I've tested this patch on the a dual socket Zen3 system
(2 x 64C/128T)

tl;dr

o I observe consistent regression for hackbench running
  smaller number of groups.
o tbench shows improvements for smaller number of clients
  but regresses for larger client counts.

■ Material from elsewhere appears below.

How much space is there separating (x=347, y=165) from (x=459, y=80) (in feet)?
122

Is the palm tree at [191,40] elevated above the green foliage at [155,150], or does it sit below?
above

I'll leave the detailed results below:

On 10/28/2022 1:56 AM, Andrei Vagin wrote:
> From: Andrei Vagin <avagin@gmail.com>
> 
> WF_SYNC means that the waker goes to sleep after wakeup, so the current
> cpu can be considered idle if the waker is the only process that is
> running on it.
> 
> The perf pipe benchmark shows that this change reduces the average time
> per operation from 8.8 usecs/op to 3.7 usecs/op.
> 
> Before:
>  $ ./tools/perf/perf bench sched pipe
>  # Running 'sched/pipe' benchmark:
>  # Executed 1000000 pipe operations between two processes
> 
>      Total time: 8.813 [sec]
> 
>        8.813985 usecs/op
>          113456 ops/sec
> 
> After:
>  $ ./tools/perf/perf bench sched pipe
>  # Running 'sched/pipe' benchmark:
>  # Executed 1000000 pipe operations between two processes
> 
>      Total time: 3.743 [sec]
> 
>        3.743971 usecs/op
>          267096 ops/sec
>

Following are the results from running standard benchmarks on a
dual socket Zen3 (2 x 64C/128T) machine configured in different
NPS modes.

NPS Modes are used to logically divide single socket into
multiple NUMA region.
Following is the NUMA configuration for each NPS mode on the system:

NPS1: Each socket is a NUMA node.
    Total 2 NUMA nodes in the dual socket machine.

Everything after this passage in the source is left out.